Agora, chegando a essa doutrina de presunção da inocência que às vezes o Supremo aplica: essa eu não aceito.
Às vezes o sujeito é denunciado, é condenado em primeiro grau, é
condenado no juízo de apelação [segunda instância], a condenação é
confirmada no STJ -e ele entra inocente no Supremo?
Ou seja, o senhor é a favor da manutenção da possibilidade de prisão depois da condenação em segunda instância.
Sou favorável. Isso ocorre no mundo inteiro.

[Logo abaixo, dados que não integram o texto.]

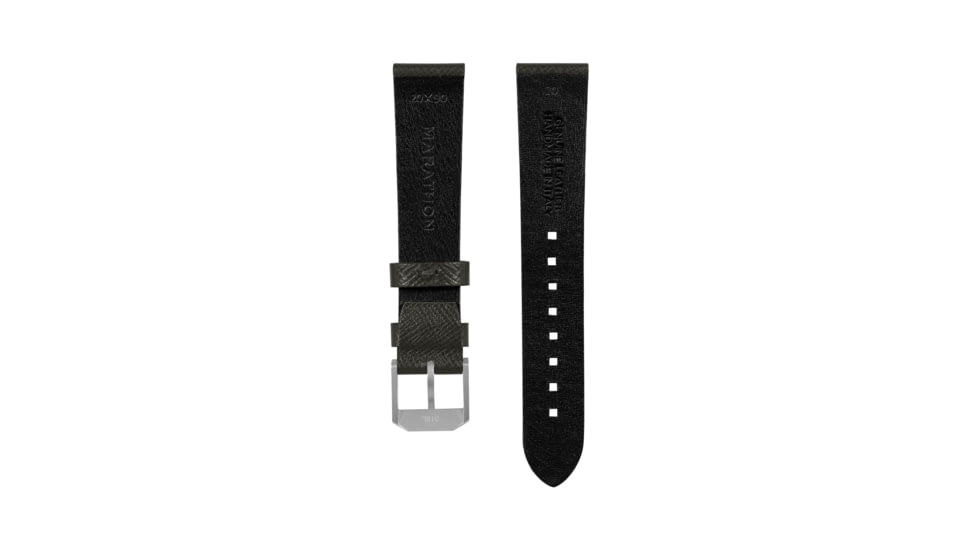 Marathon Cross Hatch 2-Piece Strap, Italian Leather, Parkerized Buckle, 20mm, Moss Green, Extra Long, WS-LT-MGPS-20-XL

O STF deve julgar em breve se mantém essa regra ou se volta a
permitir a prisão apenas depois do trânsito em julgado. Qual deve ser o
resultado?
Há juízes que vão mudar de opinião. O ministro Gilmar já se manifestou
nesse sentido. O ministro Alexandre de Moraes tem mantido as condenações
de segunda instância -informando que, enquanto a regra não muda, ele se
submete à colegialidade.
Há aí uma sobra, uma nuvem dizendo que vai haver uma modificação dessa regra.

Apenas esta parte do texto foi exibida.